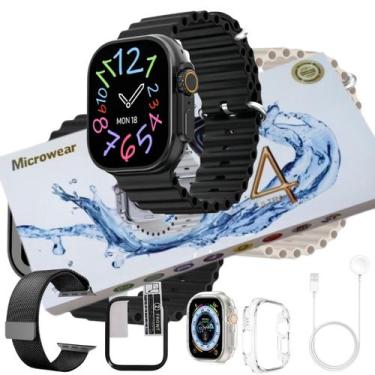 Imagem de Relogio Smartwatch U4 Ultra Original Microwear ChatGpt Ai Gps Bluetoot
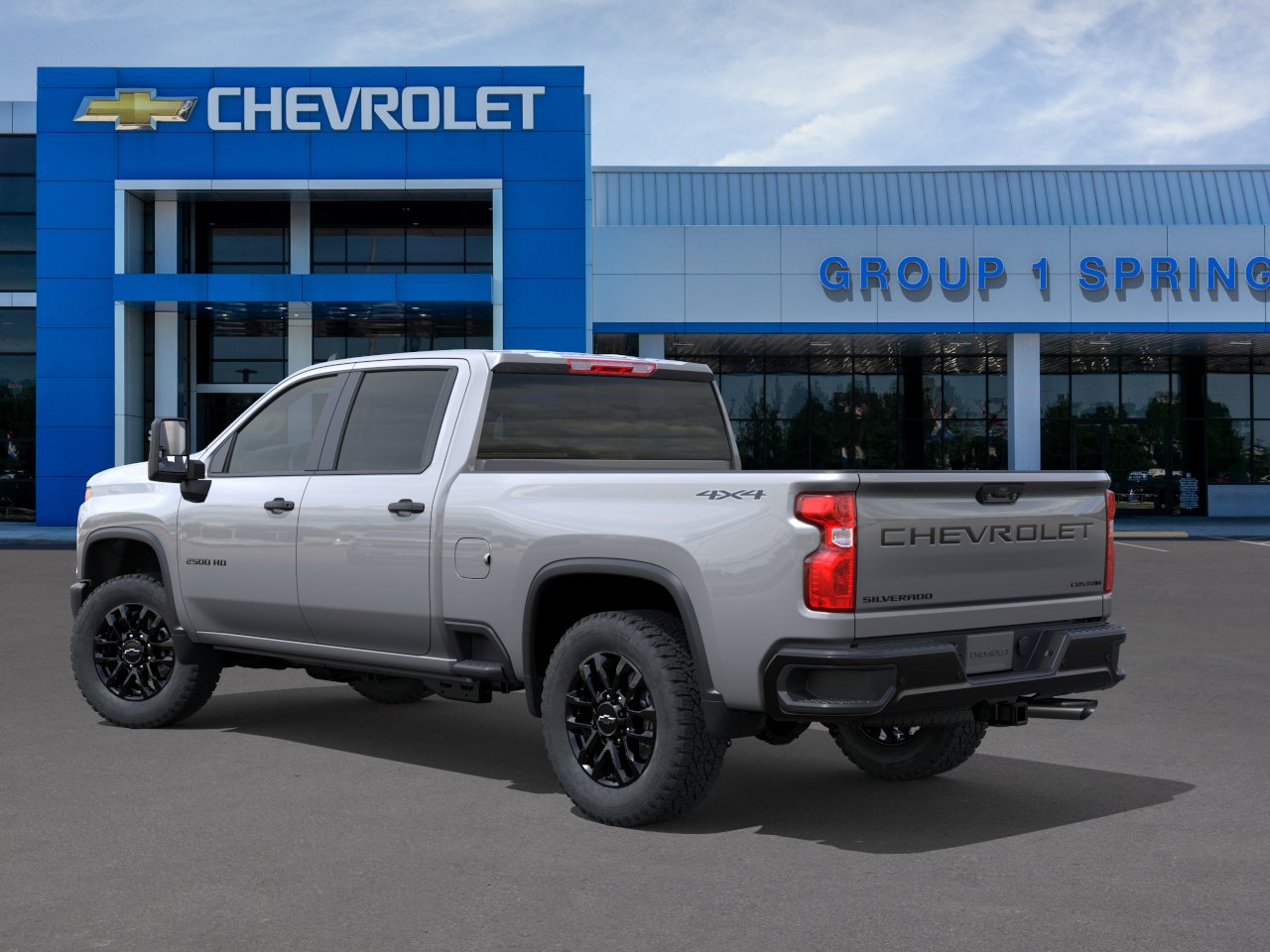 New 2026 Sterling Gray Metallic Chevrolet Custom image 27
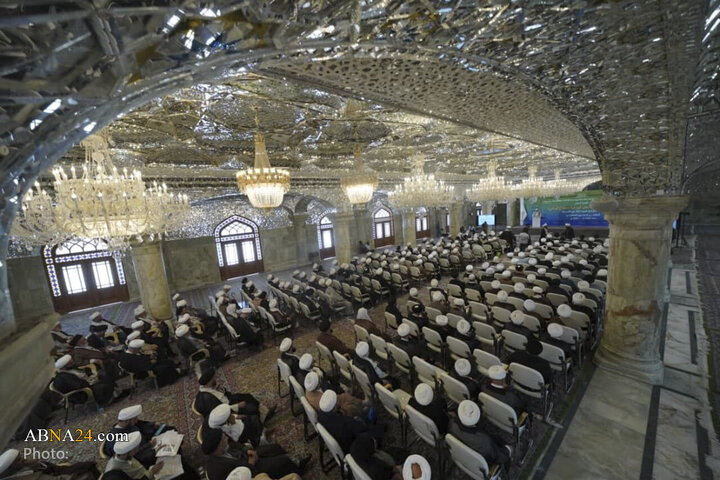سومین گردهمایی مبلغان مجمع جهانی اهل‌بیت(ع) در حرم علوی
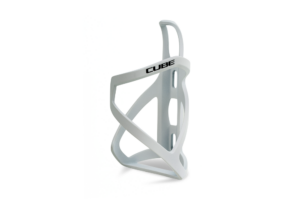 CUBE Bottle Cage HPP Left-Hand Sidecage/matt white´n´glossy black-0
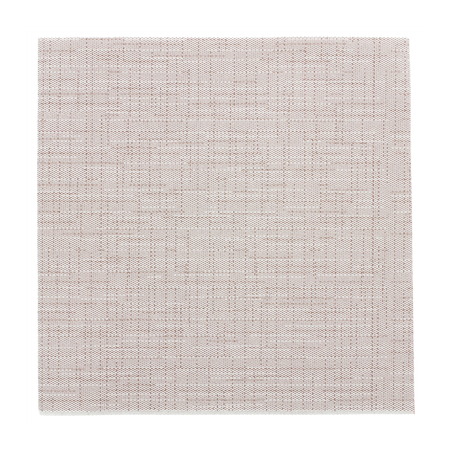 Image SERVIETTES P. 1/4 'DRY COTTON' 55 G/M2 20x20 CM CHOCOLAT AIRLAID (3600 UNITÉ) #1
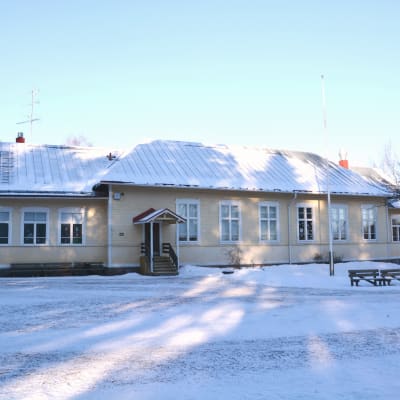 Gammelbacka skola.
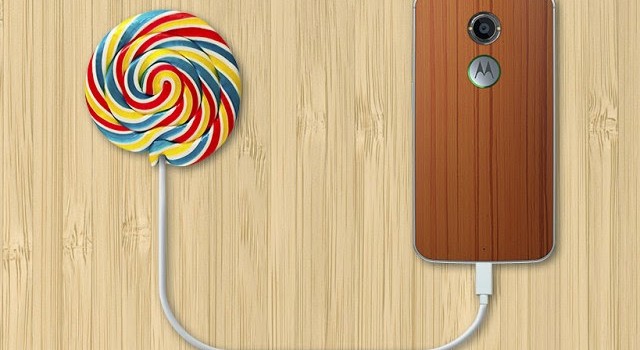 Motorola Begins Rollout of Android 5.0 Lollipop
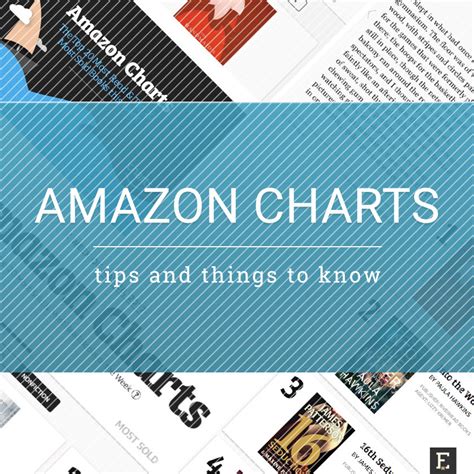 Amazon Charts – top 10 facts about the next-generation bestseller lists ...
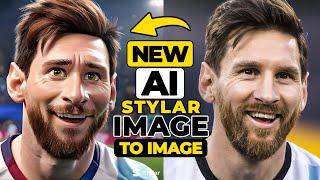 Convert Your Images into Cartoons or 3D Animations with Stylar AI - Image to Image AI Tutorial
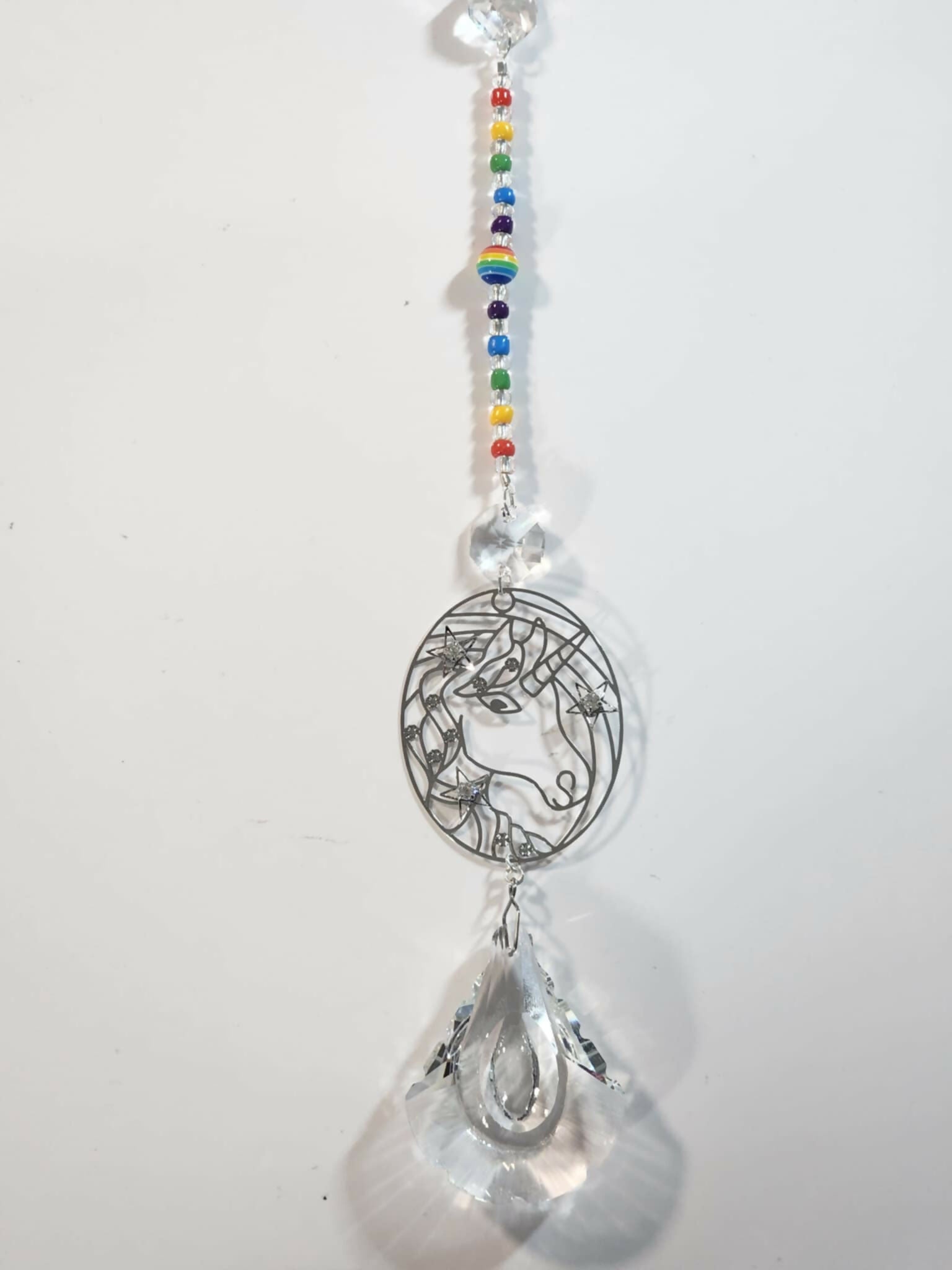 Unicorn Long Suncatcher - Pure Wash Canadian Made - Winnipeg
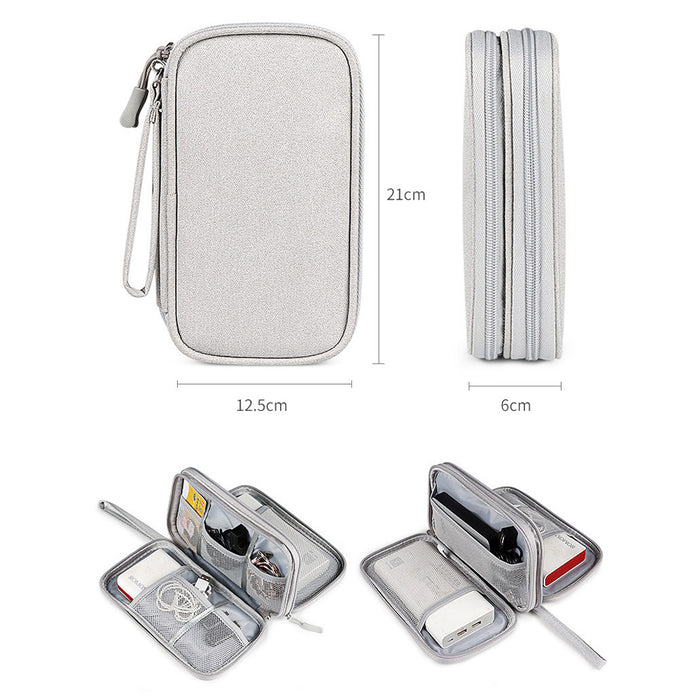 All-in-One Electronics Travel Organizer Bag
---*---
● **What you will do**: Print the data above exactly, from its first line to the line bearing "CUBE Bottle Cage" inclusive, and keep pictures out of the result.

● **Response**:
 Imagem de Relogio Smartwatch U4 Ultra Original Microwear ChatGpt Ai Gps Bluetoot
 New 2026 Sterling Gray Metallic Chevrolet Custom image 27
سومین گردهمایی مبلغان مجمع جهانی اهل‌بیت(ع) در حرم علوی
 CUBE Bottle Cage HPP Left-Hand Sidecage/matt white´n´glossy black-0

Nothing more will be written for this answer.